国土交通省は10月23日、社会資本整備審議会・交通政策審議会のワーキンググループを開き、分野横断的な技術政策の方向性を議論した。新たなテーマとして技術分野の人材育成を提起。企業の人材投資拡大や、新技術の活用拡大に向けた発注側の人材育成、イノベーションを起こす異分野人材の発掘が論点となる。建設技術の国際展開もテーマに位置付ける。
会議の冒頭、沓掛敏夫大臣官房技術審議官は人口減少に伴う将来的な担い手不足に対し、「技術を新たに生み出し、活用する業界にしていくことが非常に大事だ」と述べた。

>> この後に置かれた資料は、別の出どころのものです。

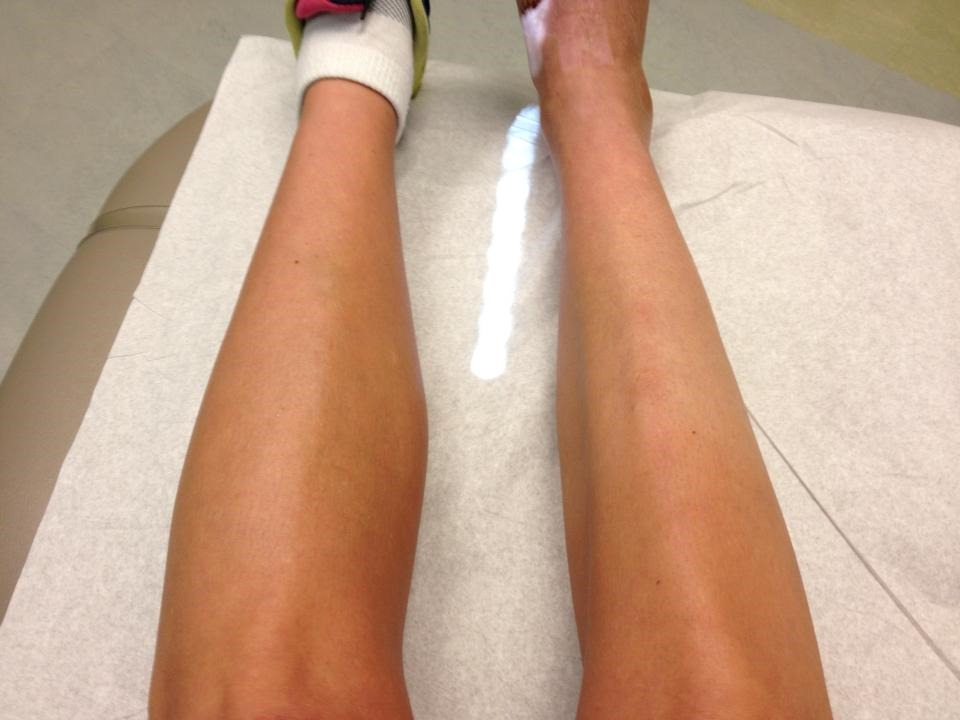 Qué es la atrofia muscular 2 ¿Cuáles son los síntomas de la atrofia muscular?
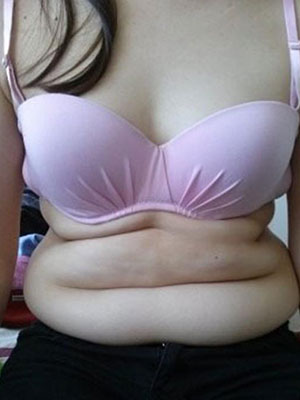 北京常好麗格腰腹吸脂后20天的感受 恢復日記來咯~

9月の中間まとめでは、デジタル技術をはじめ多様な技術が求められている現状に対し、人材育成や異分野人材の流動化が十分でないと指摘していた。今回の会議では、技能者に国交省・厚生労働省や業界団体の包括的な人材育成メニューがある一方、技術者人材の育成にはさらなる改善の余地があるとし、対策の検討を深めることにした。
国交省は、建設業界、民間事業者については技術力向上に自発的に取り組む環境整備が不足していたり、育成された人材の活躍の場がなかったりする点を課題に挙げた。また、企業の人的資本投資(人材のスキルなどに対する投資)を促す方策を課題とする。技術開発を担う異分野人材の発掘、新技術を積極的に活用できる発注者の育成も論点とする。
委員からは、留学生を含め、企業での博士人材の活用が不十分だとする意見が出た。ベテラン技術者の経験を若手に伝える研修と、新たなイノベーションを生む人材の育成との違いを指摘する声も上がった。
■インフラ技術を国際展開
インフラ整備・維持管理ビジネスの国際展開も人材育成と並ぶテーマとする。これまで海外の大規模事業をプロジェクト単位で受注することを目指す国際展開が主流だったのに対し、インフラそのものではなく技術のみを売り込む視点を提起した。念頭にあるのは、PC橋梁技術の特許を各国に売り込んだ事例などだという。海外でも通じる技術を売り込めむ際の支援策など、国交省の果たすべき役割について話し合う。